Lingloss

Lingloss

Welcome to the Lingloss project page!

In 1967, I designed what was meant to be an international auxiliary language called Lingloss. Like many other such projects, it was never really ready enough to inflict upon the public. In 2012 Lingloss still remains a work in progress; however, I believe I have recently made some progress on one aspect of the overall problem. The reasons for this belief are more fully detailed at

http://www.richardsandesforsyth.net/docs/bunnies.pdf .

So I am using this webpage share some software which, when more fully developed, may help designers of the coming international auxiliary language. (Yes, there will have to be one eventually: the human race can always be relied upon to do the right thing, as Churchill said of the Americans, once they have exhausted the alternatives.) The software is concerned with the problem of establishing a suitable core vocabulary. This is an obstacle that prior efforts have never convincingly overcome.

What you will find when you download and unzip

[glossoft.zip]

is a pair of programs written in Python3 (along with various ancillary files) which address the following aspects of the vocabulary-building problem:

1. How to choose a core collection of lexical items, i.e. what Hogben (1963) calls a "list of essential semantic units" (LESU), which is concise enough to be learnt in a matter of weeks and at the same time extensive enough to support the great majority of essential communicative functions;

2. How to choose a suitable international word for each of the items in the LESU.

Towards a Core Vocabulary

The program corevox1.py takes in several lists of essential semantic units (formatted one item per line) and produces a consensus list consisting of all the items that occur in at least minfreq of the input lists, where minfreq is an integer from 1 (in which case the output is all the items that occur in any of the input lists) to N, the number of input lists (in which case the output is only those items common to all the input lists).

Where do the input lists come from? Well, to test the program, four files containing previous attempts to come up with a LESU are provided (baslist, hoglist, longlist and maclist). These are, respectively: the Basic English wordlist (Ogden,1937); the LESU of "Essential World English" (Hogben, 1963); the defining vocabulary of the Longman English Dictionary (Longman, 2003); the defining vocabulary of the MacMillan English dictionary for advanced learners (MacMillan, 2002). [subfolder: lexicons]

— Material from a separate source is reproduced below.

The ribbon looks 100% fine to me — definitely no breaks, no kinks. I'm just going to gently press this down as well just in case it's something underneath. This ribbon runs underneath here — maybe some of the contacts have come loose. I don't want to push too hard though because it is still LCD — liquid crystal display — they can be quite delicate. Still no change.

Ogden and Hogben were trying to establish minimal subsets of words needed for the majority of communicative purposes in simplified versions of English. Compilers of the Longman and MacMillan dictionaries were trying to establish basic word lists in terms of which all the other entries in their dictionaries could be defined. Thus all four lists represent principled attempts to create concise but effective vocabularies. They didn't all settle on the same words, but any term that appears in more than one of these sets is likely have a strong claim for inclusion in anyone's core vocabulary.

Note that, although most of the entries in these lists are relatively common, they are not mere frequency lists. They result from attempts to cover the most commonly used concepts without redundancy. Therefore some high-frequency terms will be excluded if they are redundant.

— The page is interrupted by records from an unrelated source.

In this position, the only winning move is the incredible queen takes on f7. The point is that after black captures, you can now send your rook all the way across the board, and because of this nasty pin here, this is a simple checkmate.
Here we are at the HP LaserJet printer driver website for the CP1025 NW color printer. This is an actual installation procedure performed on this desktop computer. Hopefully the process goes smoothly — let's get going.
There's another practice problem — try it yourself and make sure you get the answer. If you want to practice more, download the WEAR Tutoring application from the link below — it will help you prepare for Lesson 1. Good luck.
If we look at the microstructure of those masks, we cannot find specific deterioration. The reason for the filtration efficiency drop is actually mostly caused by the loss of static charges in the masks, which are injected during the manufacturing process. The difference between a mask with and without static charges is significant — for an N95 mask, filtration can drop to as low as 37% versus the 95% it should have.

I should perhaps apologize for anglocentric bias here; although in mitigation it should be noted that there is nothing in this software that limits it to the English language. I am most at home with English examples, but I would hope that others could apply the same methods to other languages: the comparisons would be instructive.

Towards an International Vocabulary

The second program, avwords3.py, is more innovative, as far as the field of interlinguistics is concerned. It finds the 'verbal average' of a number of different words. As far as I know, nobody has ever defined what a verbal average might be; so, to be a little more specific, the heart of this program is a function that takes in a number of strings (usually words, though they could be short phrases) and produces a string which is, in a certain sense, the most typical representative of those input strings. As currently implemented, it works in 2 stages. Firstly, using a string-similarity scoring function, the string in the group which is most similar to all the others of that group is chosen. Secondly, certain manipulations, such as dropping a character or swapping 2 adjacent characters, are tried to see if they increase the similarity score of that string in relation to the rest and, if so, the modified string is accepted.

For example, given the following inputs

['cheval', 'caballo', 'cavallo', 'cavalo', 'cal', 'equus', 'cavall']

which are the French, Spanish, Italian, Portuguese, Romanian, Latin and Catalan words for 'horse', the program computes that

'cal'

is the most central or typical item. In this case, no deletions or letter-exchanges make it more typical, so it is retained.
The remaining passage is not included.